# What was Martin Luther's view of the Atonement?



## InSlaveryToChrist

It seems to me, unless I'm reading Luther wrong, that he was inconsistent in his theology concerning the Atonement, election, God's will and God's sovereignty. The following is from Luther's Works, Vol. 25: Lectures on Romans (p. 277). Concordia Publishing House. Kindle Edition: 

second argument is that “God desires all men to be saved” (1 Tim. 2:4), and He gave His Son for us men and created man for eternal life. Likewise: All things exist for man, and he himself exists for God that he may enjoy Him, etc.39 These points and others like them can be refuted as easily as the first one. For *these verses must always be understood as pertaining to the elect only*, as the apostle says in 2 Tim. 2:10 “everything for the sake of the elect.” For *in an absolute sense Christ did not die for all*, because He says: “This is My blood which is poured out for you” and “for many” – He does not say: for all – “for the forgiveness of sins" (Mark 14:24, Matt. 26:28).

And this is from Luther's Sermon for Septuagesima Sunday:

"From the last words of our Gospel: "For many be called, but few chosen," foolish and wicked thoughts have been drawn by idle fellows, who say the meaning of this sentence is that God has chosen some unto salvation, and these will be saved without a doubt, while on the other hand those who are not thus chosen will be damned, no matter how piously or how faithfully they may live; for it is the will of God that such shall fall and not be saved. Hence they conclude that it is a matter of indifference how they live; for if I am to be saved, it will take place without my concern about it, and if I am not to be saved, all my concern about it will avail nothing. What reckless, secure people such ungodly thoughts will produce every one can judge.

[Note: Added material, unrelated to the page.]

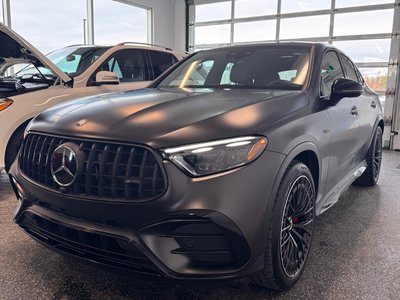 2025 Mercedes-Benz GLC Coupe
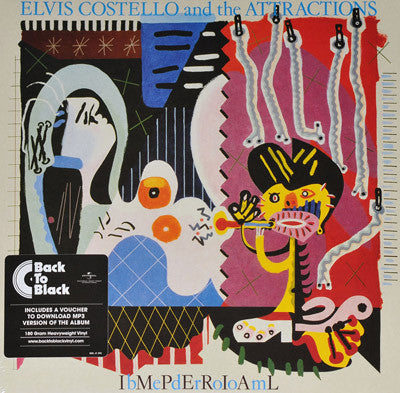 COSTELLO,ELVIS - IMPERIAL BEDROOM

When we considered the Gospel for Epiphany, and pondered the saying of the prophet Micah, we learned that all such thoughts as imprudently meddle with the incomprehensible providence of God are of the devil, and that it behooves us to pursue another method of contemplation in regard to the will of God. For such thoughts are sure to bring man into despair, or to render him reckless and regardless of consequences.

The proper course to know the will of God aright, and to avoid offense in this regard, is to trust implicitly in Christ, as He Himself declares: "No man cometh to the Father but by me." Whoever wishes to know the Father and to come unto Him, must first come unto Christ and learn to know Him as the Son of God, as the omnipotent, eternal God. And what did the Son of God achieve? He becomes man for us; He submits Himself to the law to free us from the law; He is crucified and dies upon the cross to pay the ransom for our sins; He arises from the dead to open for us through His resurrection the entrance into heaven, and to defend us against everlasting death; He sitteth at the right hand of God as our Mediator, and through His Holy Spirit He rules and guides His people and protects them against the wiles and persecutions of the devil. To know Christ thus is to know Him aright.

If this knowledge is fully and firmly fixed in your heart, then look towards heaven and meditate upon this subject thus: If the Son of God has performed all this for us at the command and according to the will of the Father, what then must be the disposition of God towards us? Surely, your own heart will constrain you to exclaim: God loves us, for He even gave His only Son unto us and for us. He desires not our death, for He employs the noblest and most precious remedy to give us life. In this way we are truly brought to God, as Christ says, John 3: "For God so loved the world, that He gave His only begotten Son, that whosoever believeth in Him should not perish, but have everlasting life." Compare these truths with the above mentioned thoughts, and you will discover that the latter come from the devil, and that they must cause offense, either hurling men into hopeless despair, or making them reckless; for they can hope nothing good from God.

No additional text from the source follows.